Valerie had ransacked Milian’s castle after his death, and stolen all the decades of research he had amassed about Omegas, particularly the maps he’d taken from sailors. Milian had only ever found one true Omega, a woman named Cerise, and she had come from an island southeast of Mirren: Havira, the same island where some of the Guild’s rarest poisons originated.

Valerie thought that was where we should go, and this captain knew where it was. In fact, Havira was his destination, but at my urging, Valerie had instructed him to drop us at Mirren first. I had no idea how much she had paid to make that happen. Mirren wasn’t exactly on the way, from my understanding.

For some reason, she insisted Havira was where we should go, and begged me to consider staying there. I had my doubts about the wisdom of sailing unknown waters—with a captain whose moral compass had no needle—then disembarking on some sort of fabled utopian patch of sand filled with lethal plants, hundreds of miles from the continent.

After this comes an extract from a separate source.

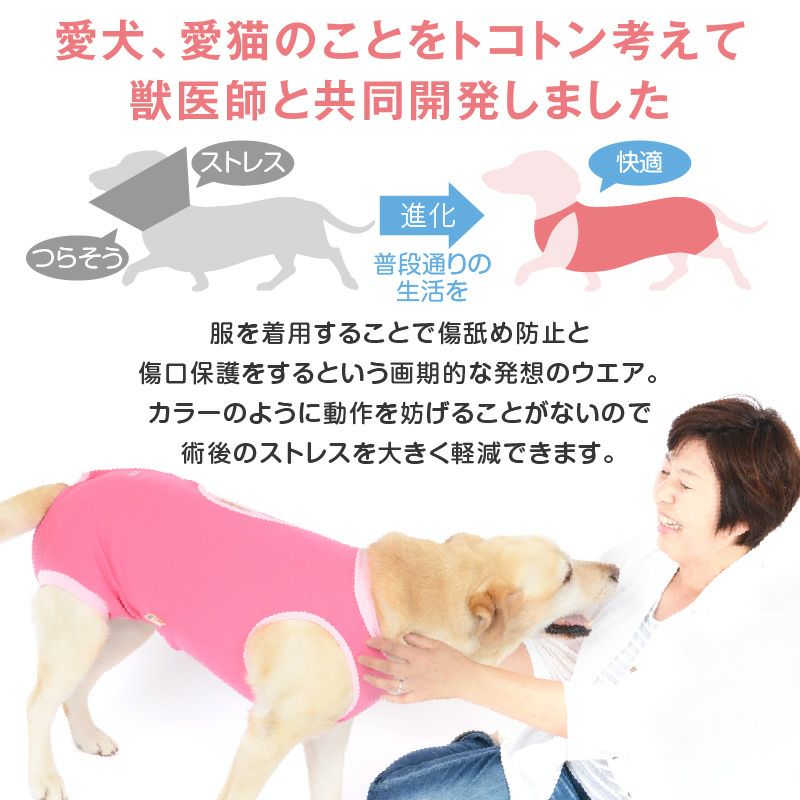 術後服エリザベスウエア(R)(男の子/ダックス・小型犬用)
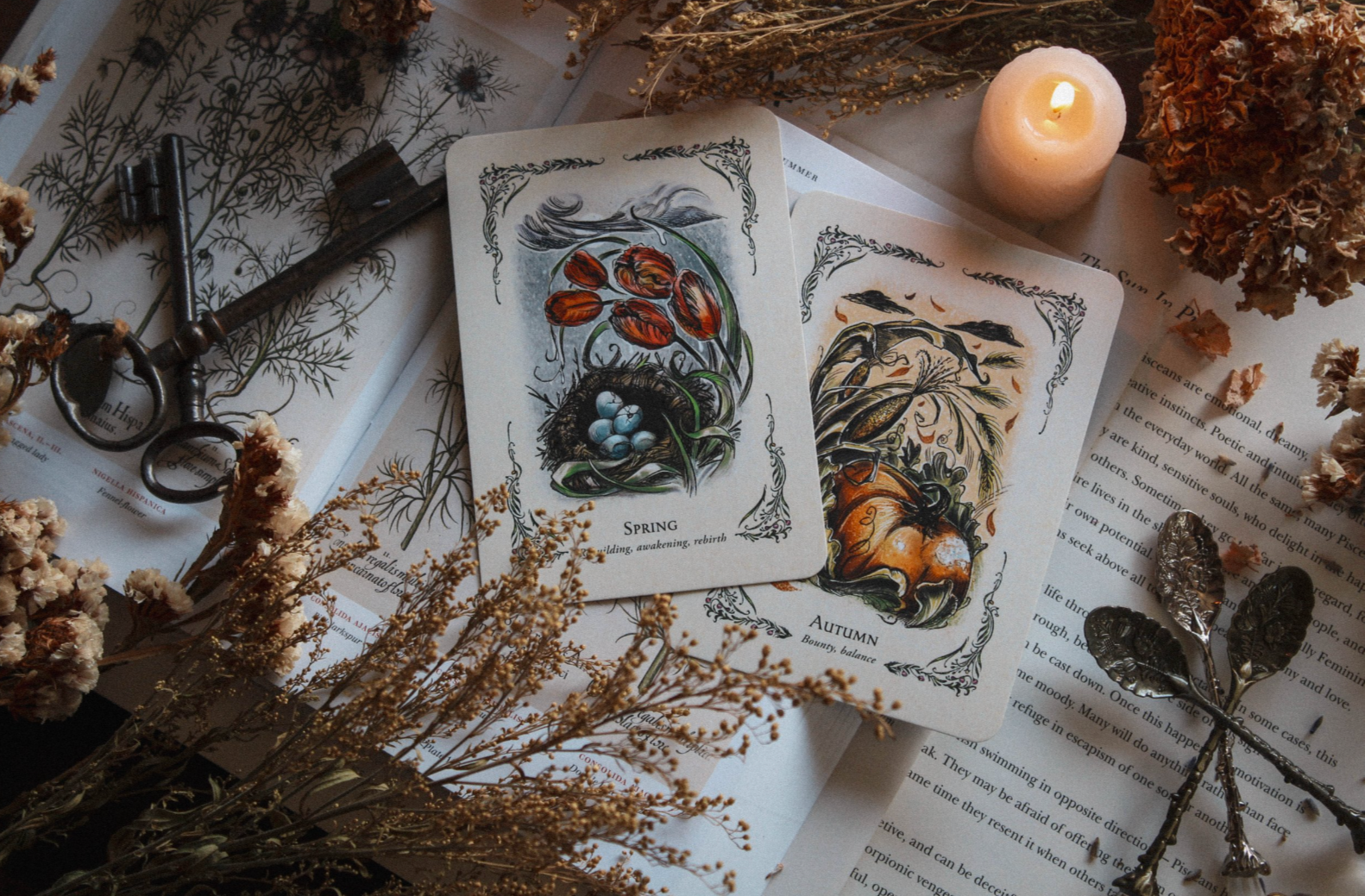 Green Witch's Oracle Deck for Natural Magic and Wisdom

Wherever I chose, I had to keep Roya safe, and out of arm’s reach. It was getting harder to push her away, not to kiss those soft lips, touch that long, golden fall of hair…

“I’ll put it in the potato liquor,” she was muttering now. “He won’t taste it.”

“You can’t kill the captain, Roya.” Because I was going to do that myself, as soon as we didn’t need him anymore. “He’s the one who sails the ship.”

“I could sail the ship,” she retorted. “It can’t be too hard if that gob of donkey dung can do it.” She let out a huge yawn, and I knew we had to go below.